The Evolution of Green Screens

Hollywood movie magic has a new home — anywhere you want — and it’s all thanks to the power of the green screen.

Green screens and other chroma key screens enable you to picture yourself anywhere in the universe and turn that dream into reality with a little digital magic of your own. You can create a stunning YouTube video to gather followers or to build a new work presentation to crank up sales, train teams, showcase products and much more.

You’ve never been able to do more from your home or office, and we’re here to help you with that green screen journey.

How Green Screens Work

The use of a green screen, called a chroma key screen by people in “the biz,” is a method of placing two images or videos together to create a single image. Essentially you’re taking a video that will be your background and overlaying another image or video on top of that background.

The image being replaced, such as the green background, needs be a single, solid and uniform color. Next, technology associated with a live video feed — in the case of your local meteorologist pointing to a weather map — or a video that’s being presently recorded is used to filter out that color and replace it with your background image.

The area that isn’t edited out, green in most cases, is not impacted so you get a clear picture of both videos or elements. This is why sometimes you’ll see a newsperson have part of their clothing disappear on the news — it was too close to the screen color and got filtered out too!
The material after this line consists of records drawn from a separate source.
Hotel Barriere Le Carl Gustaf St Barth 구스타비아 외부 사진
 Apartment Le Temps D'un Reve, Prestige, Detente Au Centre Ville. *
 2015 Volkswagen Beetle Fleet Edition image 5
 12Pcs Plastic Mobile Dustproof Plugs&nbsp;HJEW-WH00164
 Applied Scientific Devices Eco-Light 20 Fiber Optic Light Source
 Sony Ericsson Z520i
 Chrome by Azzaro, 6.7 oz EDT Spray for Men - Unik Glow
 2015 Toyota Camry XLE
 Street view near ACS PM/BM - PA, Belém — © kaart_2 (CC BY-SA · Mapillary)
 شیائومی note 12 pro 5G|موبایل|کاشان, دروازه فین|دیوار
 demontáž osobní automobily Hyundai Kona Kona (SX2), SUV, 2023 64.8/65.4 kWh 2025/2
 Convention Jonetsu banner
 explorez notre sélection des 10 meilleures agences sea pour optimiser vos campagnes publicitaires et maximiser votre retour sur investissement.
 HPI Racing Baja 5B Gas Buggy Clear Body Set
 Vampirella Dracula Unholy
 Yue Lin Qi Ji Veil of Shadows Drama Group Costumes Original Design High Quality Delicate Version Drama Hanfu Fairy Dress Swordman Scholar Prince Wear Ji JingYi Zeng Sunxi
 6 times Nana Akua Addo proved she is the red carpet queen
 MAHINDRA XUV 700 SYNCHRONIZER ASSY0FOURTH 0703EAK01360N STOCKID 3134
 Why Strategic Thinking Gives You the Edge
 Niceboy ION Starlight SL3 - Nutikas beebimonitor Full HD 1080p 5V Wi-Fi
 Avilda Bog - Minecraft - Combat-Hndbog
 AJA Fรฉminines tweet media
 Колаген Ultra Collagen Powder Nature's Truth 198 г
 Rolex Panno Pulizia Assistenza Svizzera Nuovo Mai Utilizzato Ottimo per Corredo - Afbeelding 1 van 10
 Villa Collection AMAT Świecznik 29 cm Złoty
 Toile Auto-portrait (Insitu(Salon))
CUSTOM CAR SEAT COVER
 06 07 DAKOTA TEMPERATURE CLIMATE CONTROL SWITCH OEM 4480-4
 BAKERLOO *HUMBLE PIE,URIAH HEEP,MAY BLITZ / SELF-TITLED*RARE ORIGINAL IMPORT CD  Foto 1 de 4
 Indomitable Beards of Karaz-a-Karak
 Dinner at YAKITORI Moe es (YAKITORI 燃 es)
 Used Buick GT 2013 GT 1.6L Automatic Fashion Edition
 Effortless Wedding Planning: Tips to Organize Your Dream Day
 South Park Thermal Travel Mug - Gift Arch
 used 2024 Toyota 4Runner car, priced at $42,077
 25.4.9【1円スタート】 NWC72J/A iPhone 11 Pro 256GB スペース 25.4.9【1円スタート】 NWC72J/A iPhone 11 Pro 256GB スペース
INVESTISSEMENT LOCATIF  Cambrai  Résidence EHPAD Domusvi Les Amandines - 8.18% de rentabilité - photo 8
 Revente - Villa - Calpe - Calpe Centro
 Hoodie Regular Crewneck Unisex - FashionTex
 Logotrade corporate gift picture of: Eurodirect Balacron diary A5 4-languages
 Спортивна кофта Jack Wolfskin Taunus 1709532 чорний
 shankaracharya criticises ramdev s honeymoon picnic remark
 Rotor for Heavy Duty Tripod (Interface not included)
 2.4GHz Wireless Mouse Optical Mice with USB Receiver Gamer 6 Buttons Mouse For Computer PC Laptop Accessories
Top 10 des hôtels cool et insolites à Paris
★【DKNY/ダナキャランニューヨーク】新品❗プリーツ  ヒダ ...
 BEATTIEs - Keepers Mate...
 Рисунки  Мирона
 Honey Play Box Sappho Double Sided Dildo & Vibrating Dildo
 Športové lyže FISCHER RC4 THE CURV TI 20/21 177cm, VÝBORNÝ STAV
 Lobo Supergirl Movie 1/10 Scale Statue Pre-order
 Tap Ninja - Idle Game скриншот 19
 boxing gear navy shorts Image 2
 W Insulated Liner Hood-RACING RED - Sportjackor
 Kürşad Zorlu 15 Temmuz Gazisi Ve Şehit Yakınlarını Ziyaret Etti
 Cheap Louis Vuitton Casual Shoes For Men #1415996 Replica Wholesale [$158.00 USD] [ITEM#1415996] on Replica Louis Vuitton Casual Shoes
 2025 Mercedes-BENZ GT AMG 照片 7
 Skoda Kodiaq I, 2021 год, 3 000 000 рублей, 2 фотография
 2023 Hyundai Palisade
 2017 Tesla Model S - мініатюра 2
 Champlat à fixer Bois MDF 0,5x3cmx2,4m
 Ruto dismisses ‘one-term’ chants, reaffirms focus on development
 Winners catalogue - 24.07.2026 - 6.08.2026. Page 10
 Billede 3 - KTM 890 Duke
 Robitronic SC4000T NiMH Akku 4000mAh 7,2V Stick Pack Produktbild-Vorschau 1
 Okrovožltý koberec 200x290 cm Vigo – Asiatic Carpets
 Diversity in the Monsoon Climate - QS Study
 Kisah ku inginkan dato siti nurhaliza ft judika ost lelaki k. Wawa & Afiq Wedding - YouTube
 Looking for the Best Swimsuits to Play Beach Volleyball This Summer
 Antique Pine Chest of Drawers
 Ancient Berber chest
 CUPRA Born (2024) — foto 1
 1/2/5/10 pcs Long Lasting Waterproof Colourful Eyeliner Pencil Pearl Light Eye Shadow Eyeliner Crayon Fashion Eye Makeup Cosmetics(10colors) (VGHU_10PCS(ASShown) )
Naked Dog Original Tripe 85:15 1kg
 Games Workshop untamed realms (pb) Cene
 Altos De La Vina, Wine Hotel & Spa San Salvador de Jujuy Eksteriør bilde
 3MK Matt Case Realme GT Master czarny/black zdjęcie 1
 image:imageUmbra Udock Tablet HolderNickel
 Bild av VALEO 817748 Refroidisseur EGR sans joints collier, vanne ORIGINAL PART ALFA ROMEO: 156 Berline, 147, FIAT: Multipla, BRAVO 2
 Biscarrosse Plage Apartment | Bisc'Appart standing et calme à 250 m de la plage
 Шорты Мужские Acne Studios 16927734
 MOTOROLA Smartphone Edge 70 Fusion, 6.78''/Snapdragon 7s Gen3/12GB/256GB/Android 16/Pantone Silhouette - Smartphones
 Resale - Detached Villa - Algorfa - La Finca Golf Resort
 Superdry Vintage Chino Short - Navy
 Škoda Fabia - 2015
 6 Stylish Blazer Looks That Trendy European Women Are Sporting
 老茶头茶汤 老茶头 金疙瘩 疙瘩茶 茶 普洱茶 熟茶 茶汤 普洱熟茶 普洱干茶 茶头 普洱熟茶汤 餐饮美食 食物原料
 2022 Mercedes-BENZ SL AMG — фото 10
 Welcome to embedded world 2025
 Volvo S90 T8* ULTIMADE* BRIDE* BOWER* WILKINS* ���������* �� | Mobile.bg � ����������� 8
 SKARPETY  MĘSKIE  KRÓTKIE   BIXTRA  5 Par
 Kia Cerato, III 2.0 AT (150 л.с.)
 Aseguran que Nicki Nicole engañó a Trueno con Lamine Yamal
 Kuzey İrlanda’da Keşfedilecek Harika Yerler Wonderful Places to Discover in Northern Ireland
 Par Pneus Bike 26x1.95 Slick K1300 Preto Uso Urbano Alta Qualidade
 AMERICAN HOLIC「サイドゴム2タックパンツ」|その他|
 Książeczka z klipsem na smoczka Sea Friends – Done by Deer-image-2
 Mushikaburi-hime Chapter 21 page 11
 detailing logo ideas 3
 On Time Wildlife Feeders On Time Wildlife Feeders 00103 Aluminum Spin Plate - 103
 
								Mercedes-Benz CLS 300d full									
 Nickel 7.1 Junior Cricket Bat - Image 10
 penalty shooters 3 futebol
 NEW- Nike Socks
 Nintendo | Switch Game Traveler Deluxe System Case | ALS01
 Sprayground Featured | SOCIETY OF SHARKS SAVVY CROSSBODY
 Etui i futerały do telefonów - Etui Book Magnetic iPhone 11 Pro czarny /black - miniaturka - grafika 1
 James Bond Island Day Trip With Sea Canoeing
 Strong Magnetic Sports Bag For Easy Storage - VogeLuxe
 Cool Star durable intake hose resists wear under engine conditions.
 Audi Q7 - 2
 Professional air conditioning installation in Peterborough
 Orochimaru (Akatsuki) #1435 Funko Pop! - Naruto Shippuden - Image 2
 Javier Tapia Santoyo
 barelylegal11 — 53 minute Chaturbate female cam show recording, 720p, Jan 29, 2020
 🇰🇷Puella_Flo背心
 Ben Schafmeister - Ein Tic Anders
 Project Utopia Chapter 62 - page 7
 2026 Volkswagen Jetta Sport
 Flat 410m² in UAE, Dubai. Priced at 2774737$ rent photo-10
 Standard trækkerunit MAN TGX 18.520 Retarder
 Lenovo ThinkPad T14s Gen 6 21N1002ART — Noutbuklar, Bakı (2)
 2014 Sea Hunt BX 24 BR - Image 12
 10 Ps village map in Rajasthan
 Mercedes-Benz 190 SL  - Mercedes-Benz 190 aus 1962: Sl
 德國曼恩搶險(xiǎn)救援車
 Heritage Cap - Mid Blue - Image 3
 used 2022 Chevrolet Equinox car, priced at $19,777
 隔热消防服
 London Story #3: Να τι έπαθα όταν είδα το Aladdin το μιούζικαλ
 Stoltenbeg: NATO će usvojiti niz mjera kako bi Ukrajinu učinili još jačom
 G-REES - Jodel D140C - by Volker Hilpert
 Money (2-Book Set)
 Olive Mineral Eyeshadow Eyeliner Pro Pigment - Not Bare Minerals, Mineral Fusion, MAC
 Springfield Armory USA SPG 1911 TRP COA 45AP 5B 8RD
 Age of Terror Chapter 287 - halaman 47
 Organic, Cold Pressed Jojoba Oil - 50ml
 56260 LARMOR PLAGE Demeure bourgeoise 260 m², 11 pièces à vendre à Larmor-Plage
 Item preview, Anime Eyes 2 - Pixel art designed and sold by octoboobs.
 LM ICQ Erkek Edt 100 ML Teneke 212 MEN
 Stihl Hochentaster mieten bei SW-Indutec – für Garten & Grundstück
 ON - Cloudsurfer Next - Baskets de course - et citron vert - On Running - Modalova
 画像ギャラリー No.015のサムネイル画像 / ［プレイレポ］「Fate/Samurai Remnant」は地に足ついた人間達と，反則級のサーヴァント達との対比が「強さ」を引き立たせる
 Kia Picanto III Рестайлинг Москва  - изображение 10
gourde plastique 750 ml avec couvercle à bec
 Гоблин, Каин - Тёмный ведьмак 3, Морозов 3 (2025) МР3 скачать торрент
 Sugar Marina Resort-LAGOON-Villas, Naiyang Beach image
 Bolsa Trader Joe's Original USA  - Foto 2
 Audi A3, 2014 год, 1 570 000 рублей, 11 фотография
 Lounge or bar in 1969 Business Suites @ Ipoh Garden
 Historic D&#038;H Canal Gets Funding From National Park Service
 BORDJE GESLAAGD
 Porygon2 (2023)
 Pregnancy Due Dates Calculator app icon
Why do people disappear on green screens? Too close.

The technical term for this process is color separation overlay, and it works in a variety of environments. Neon green is easy for systems to differentiate and to filter out. There are also few natural items with this color, so there’s less of a chance that parts of your video will get unintentionally edited out.

Live feeds use chroma keying and a retractable green screen to do this video substitution, but it is also very common for your favorite TV shows to do this as well. For example, HBO’s “Game of Thrones” often has its actors interact with bright green objects or costumes that are digitally removed during production and replaced with dragons, snakes, the undead and much more.

Early Days of the Green Screen: Black

While green screen technology seems relatively new because it has a very heavy presence in modern entertainment, the underlying concept and similar technologies have been in use for more than 100 years.

Back in 1898, George Albert Smith was replacing parts of images using a double exposure, which had a black cloth in place of the green screen and used incredibly high contrast in the images to make the black elements virtually disappear. This technique made it’s jump to film in 1903 with “The Great Train Robbery” when it was used for static backgrounds in one of cinema’s first ever blockbuster films.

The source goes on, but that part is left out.